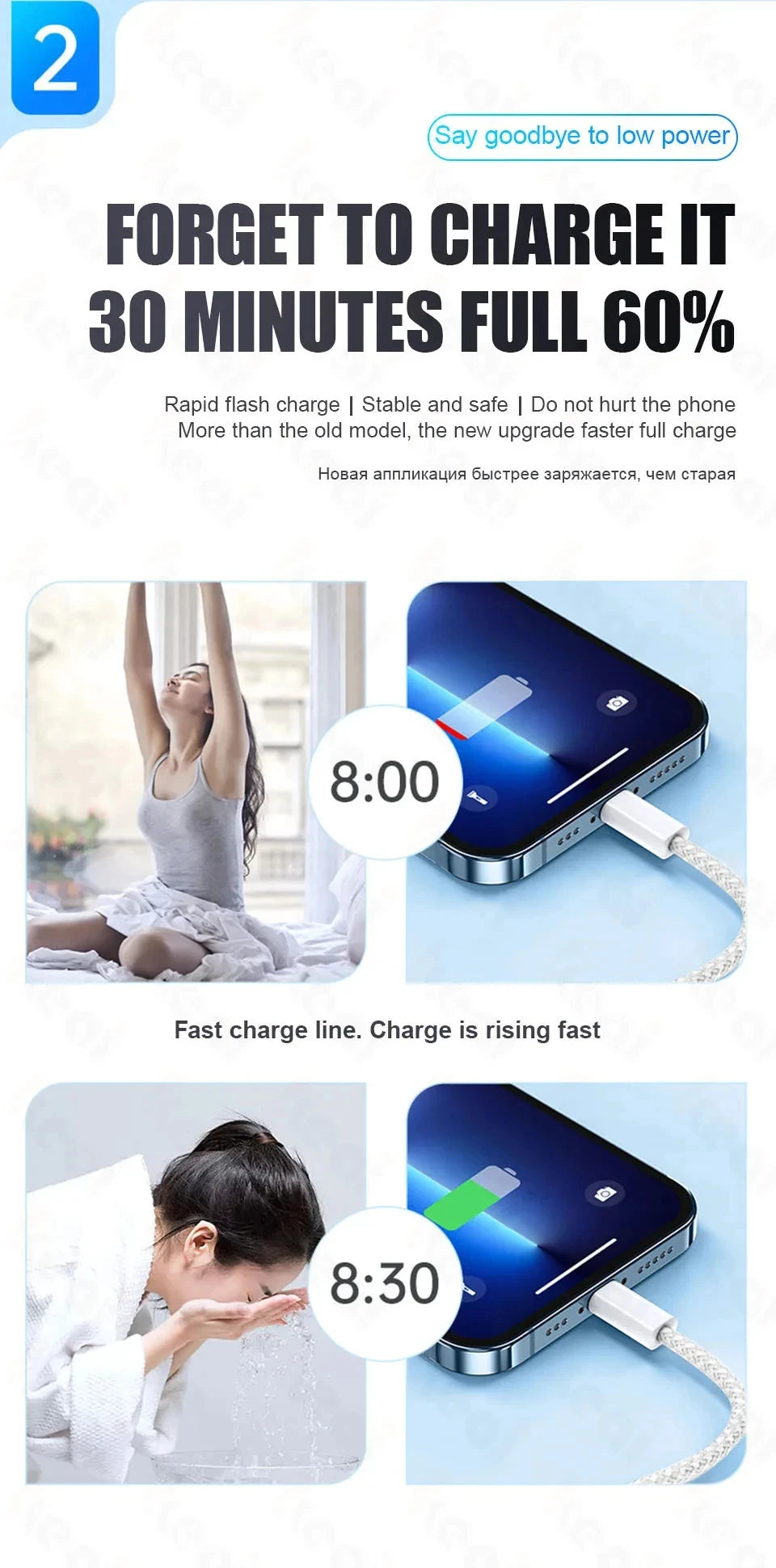 USB-C 60W fastcharger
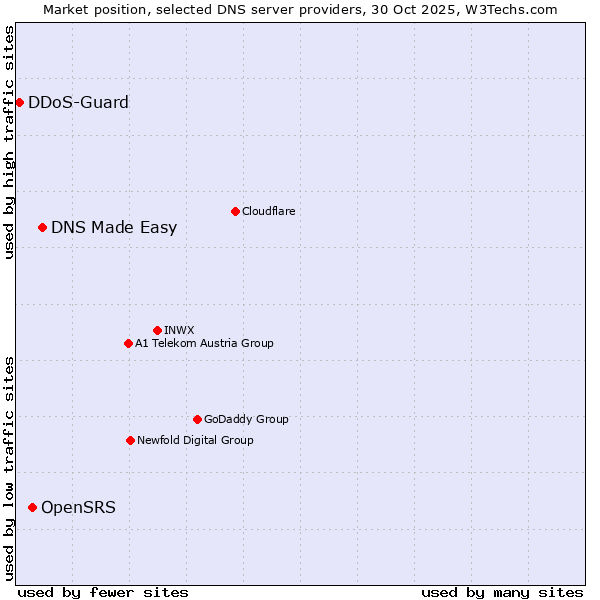 Market position of DNS Made Easy vs. OpenSRS vs. DDoS-Guard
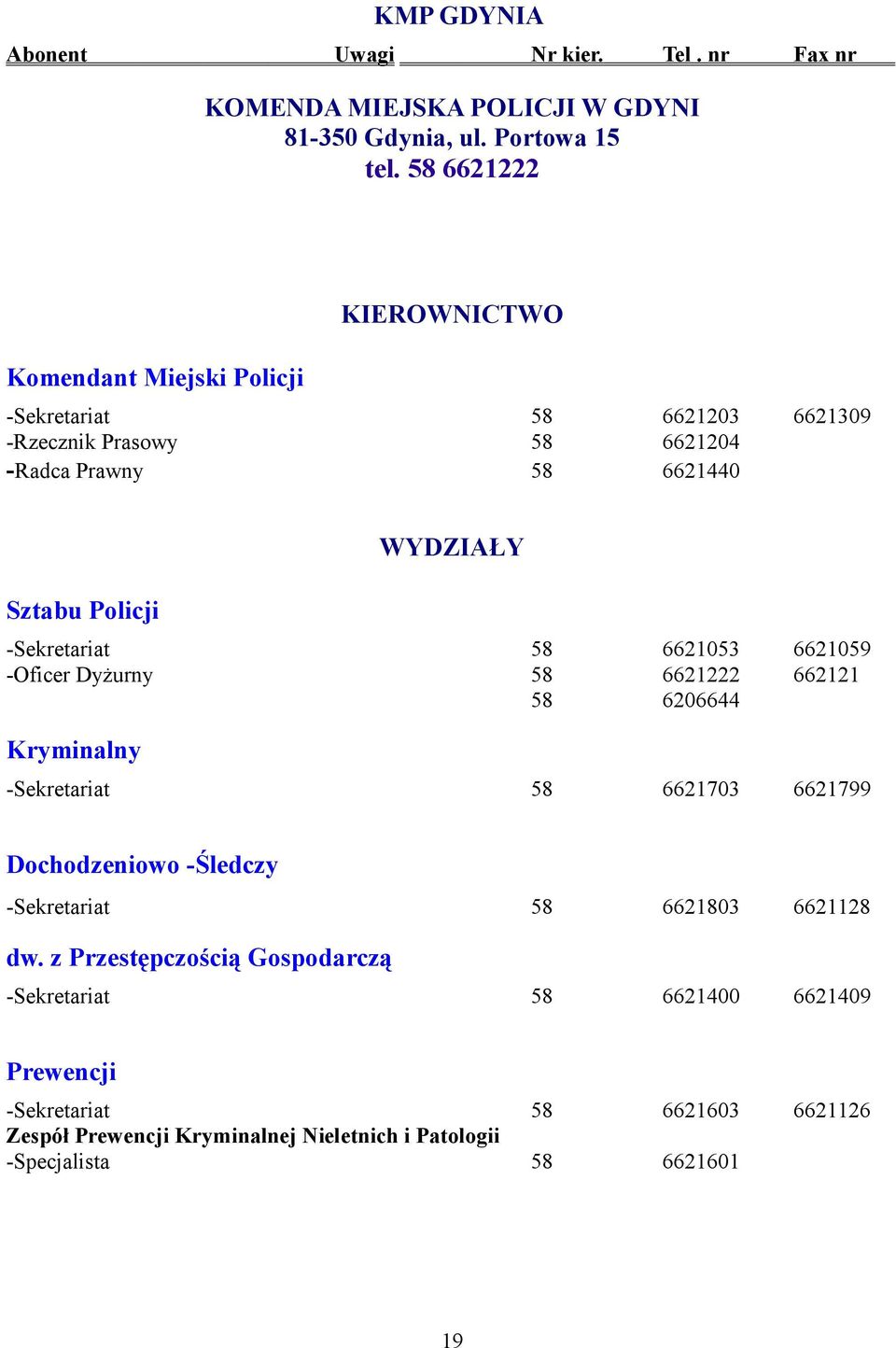 -Sekretariat 58 6621053 6621059 -Oficer Dyżurny 58 6621222 662121 58 6206644 Kryminalny -Sekretariat 58 6621703 6621799 Dochodzeniowo -Śledczy -Sekretariat 58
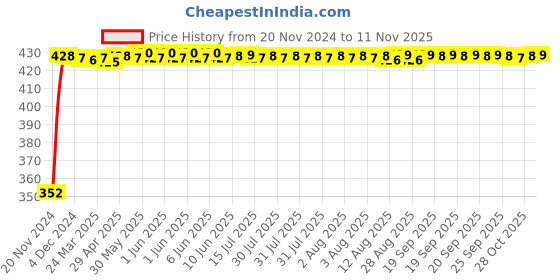 moglix.com RA Accessories Black Austin Racing Silencer Exhaust for Triumph Tiger 800 XRx ra accessories Price History Graph from 20 Nov 2024 to 11 Nov 2025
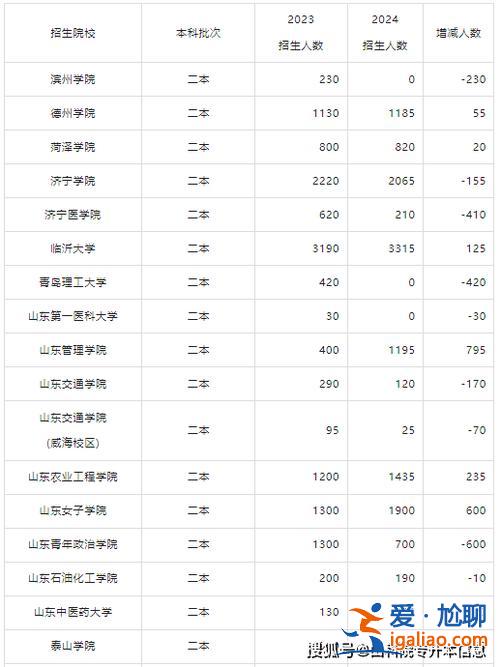 專升本上岸協和(2024年山東協和專升本多少分)？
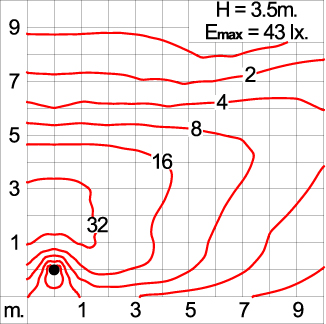 NEOPLACE Direct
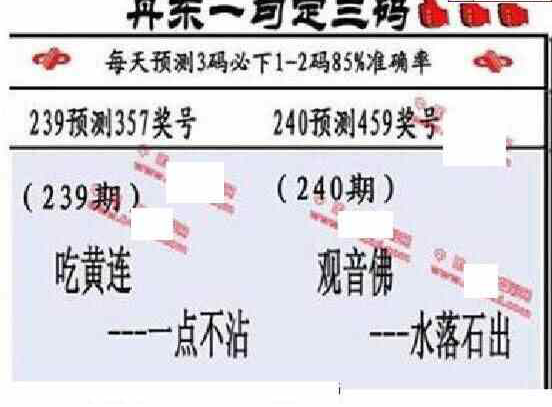 23240期: 福彩3D丹东全图分析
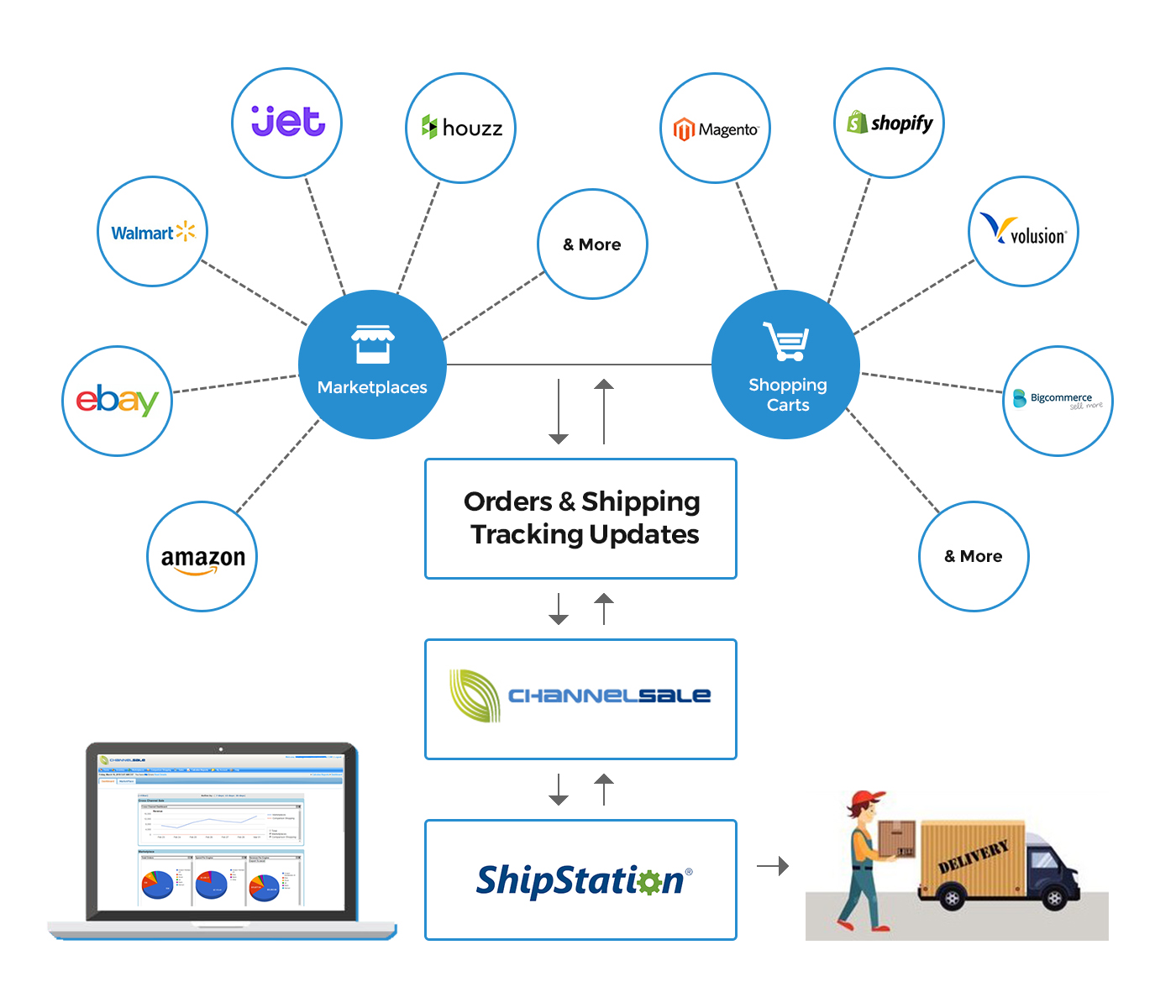ShipStation Shipping Software Integration - Official Partner ChannelSale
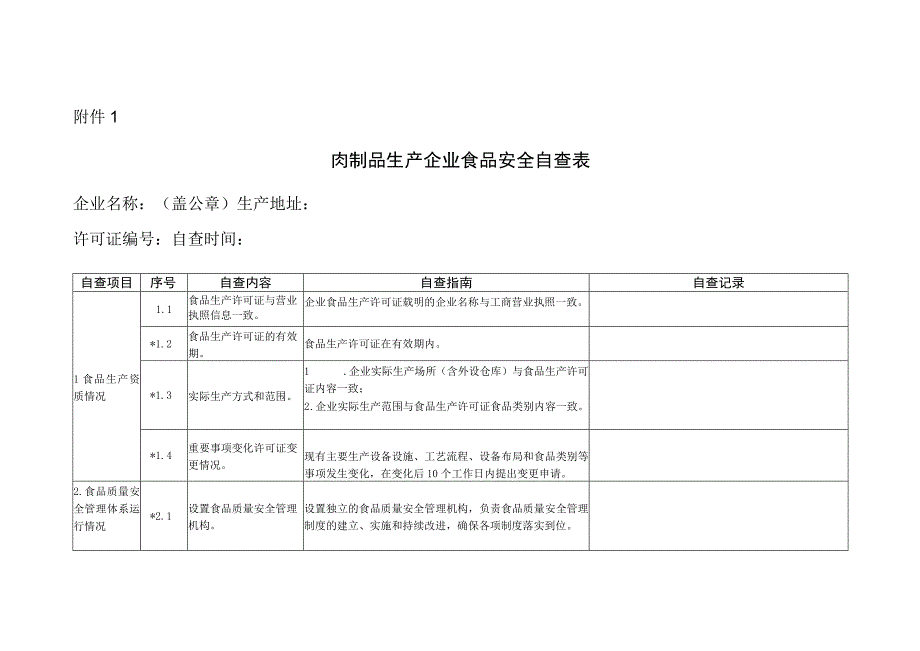 肉制品生产企业食品安全自查表.docx_第1页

-*-*-

With every picture removed, give the entries above again exactly.

 USB-C 60W fastcharger
 Market position of DNS Made Easy vs. OpenSRS vs. DDoS-Guard
 -Sekretariat 58 6621053 6621059 -Oficer Dyżurny 58 6621222 662121 58 6206644 Kryminalny -Sekretariat 58 6621703 6621799 Dochodzeniowo -Śledczy -Sekretariat 58
 moglix.com RA Accessories Black Austin Racing Silencer Exhaust for Triumph Tiger 800 XRx ra accessories Price History Graph from 20 Nov 2024 to 11 Nov 2025
 專升本上岸協和(2024年山東協和專升本多少分)？
 NEOPLACE Direct
 23240期: 福彩3D丹东全图分析
ShipStation Shipping Software Integration - Official Partner ChannelSale
 肉制品生产企业食品安全自查表.docx_第1页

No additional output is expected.